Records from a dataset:
• • • • • • •
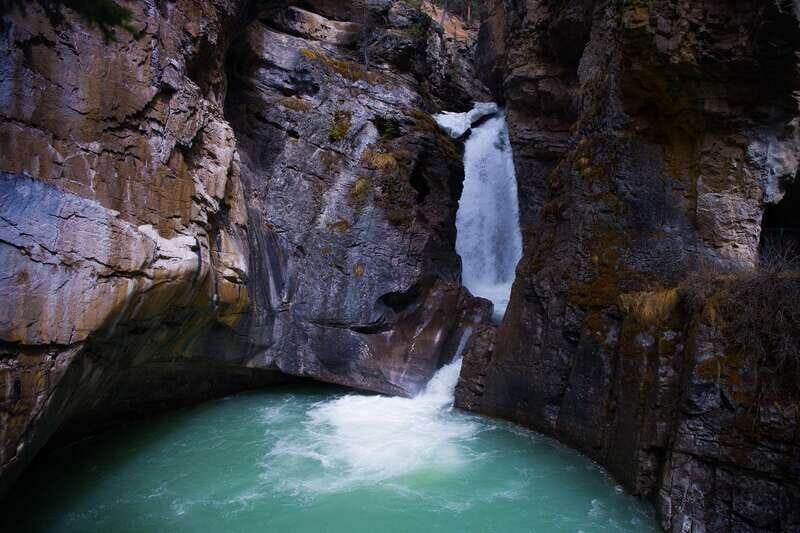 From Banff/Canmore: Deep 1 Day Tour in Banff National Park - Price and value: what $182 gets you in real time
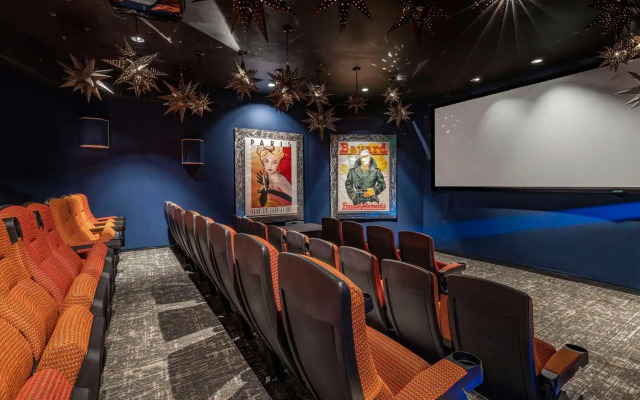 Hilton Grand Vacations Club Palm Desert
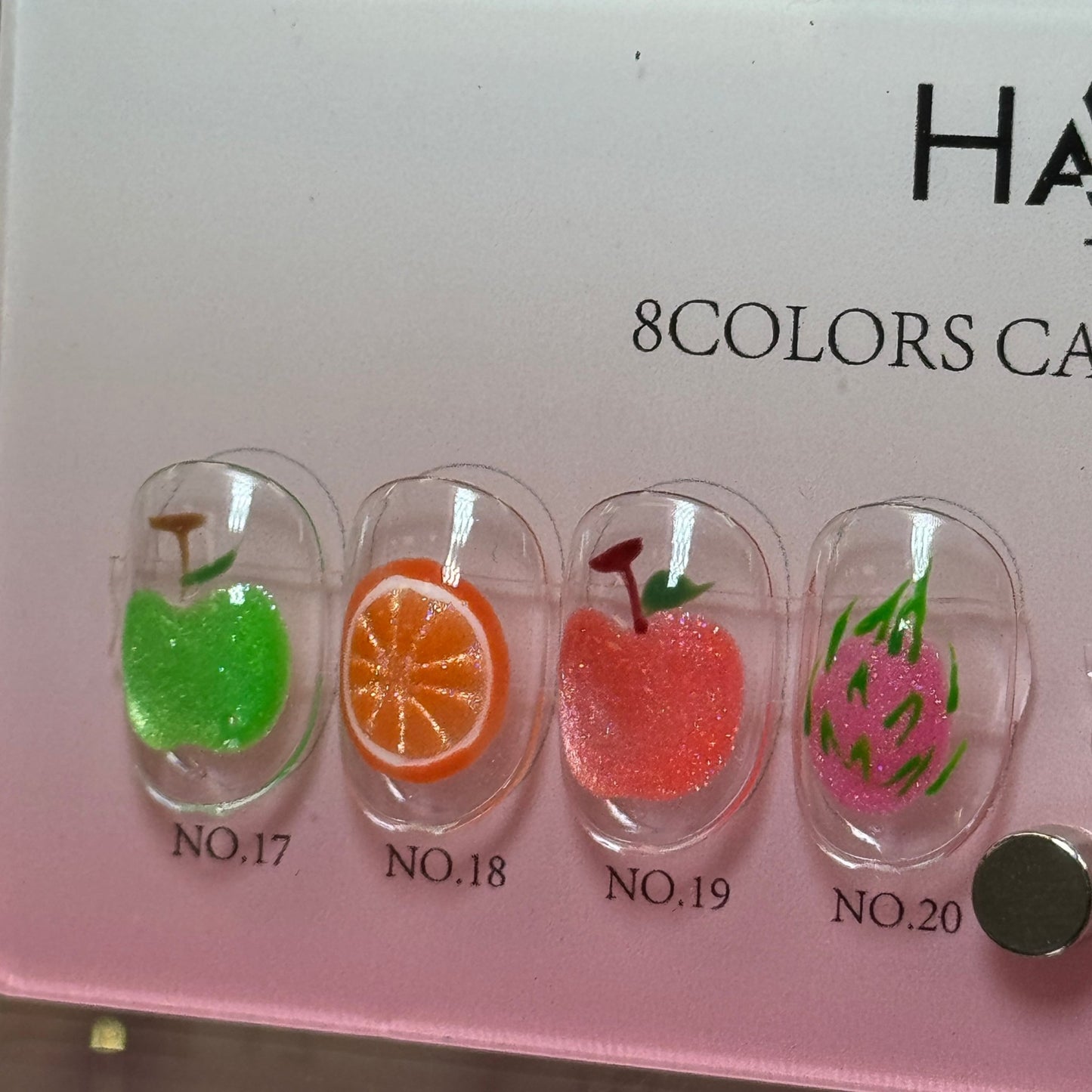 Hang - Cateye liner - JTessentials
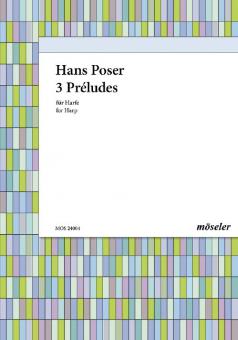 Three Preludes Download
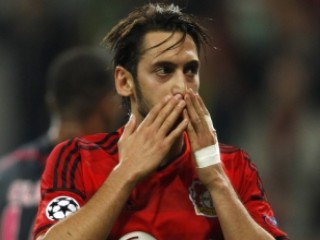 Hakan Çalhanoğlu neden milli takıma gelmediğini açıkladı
• • • • • • •
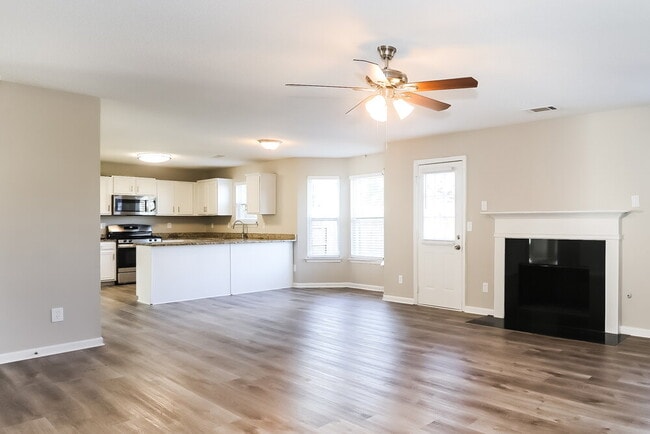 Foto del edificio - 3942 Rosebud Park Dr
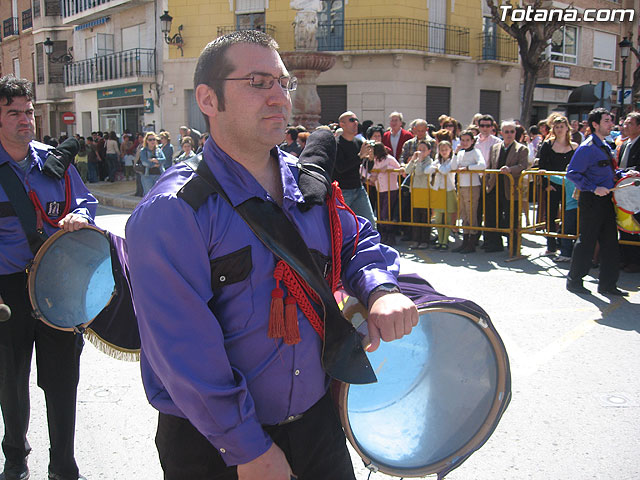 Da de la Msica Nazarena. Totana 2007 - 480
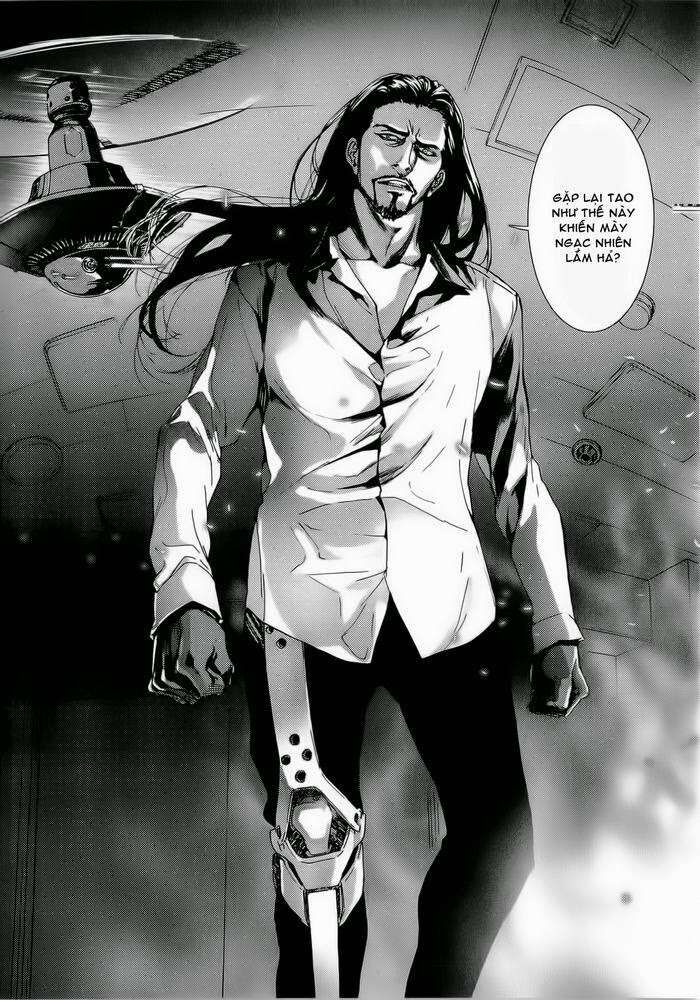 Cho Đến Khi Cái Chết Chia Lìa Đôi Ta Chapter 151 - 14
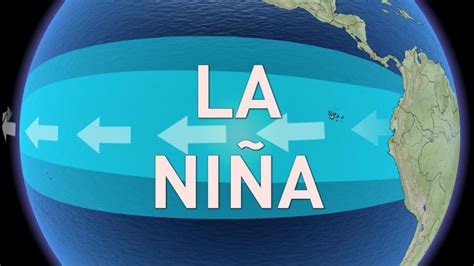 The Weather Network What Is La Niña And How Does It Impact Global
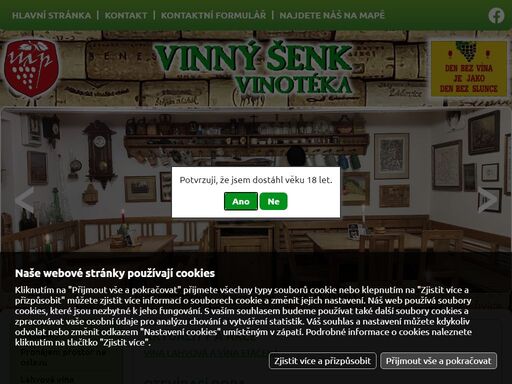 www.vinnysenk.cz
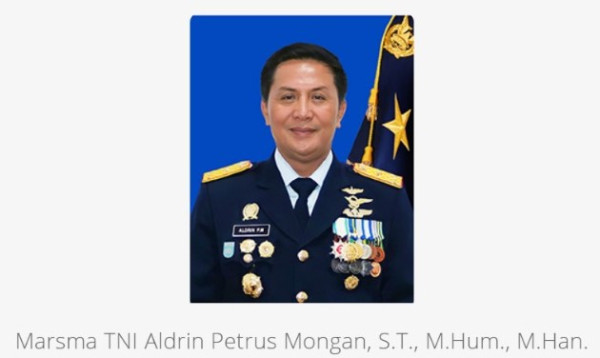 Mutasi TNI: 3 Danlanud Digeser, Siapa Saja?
• • • • • • •
| Problem details |
Those lines of the records above that run from the one containing "The Weather Network" through the one containing "Mutasi TNI: 3 Danlanud Digeser, Siapa Saja?" should be returned exactly, with no pictures among them.

| Completed task |
 The Weather Network What Is La Niña And How Does It Impact Global
 www.vinnysenk.cz
 Mutasi TNI: 3 Danlanud Digeser, Siapa Saja?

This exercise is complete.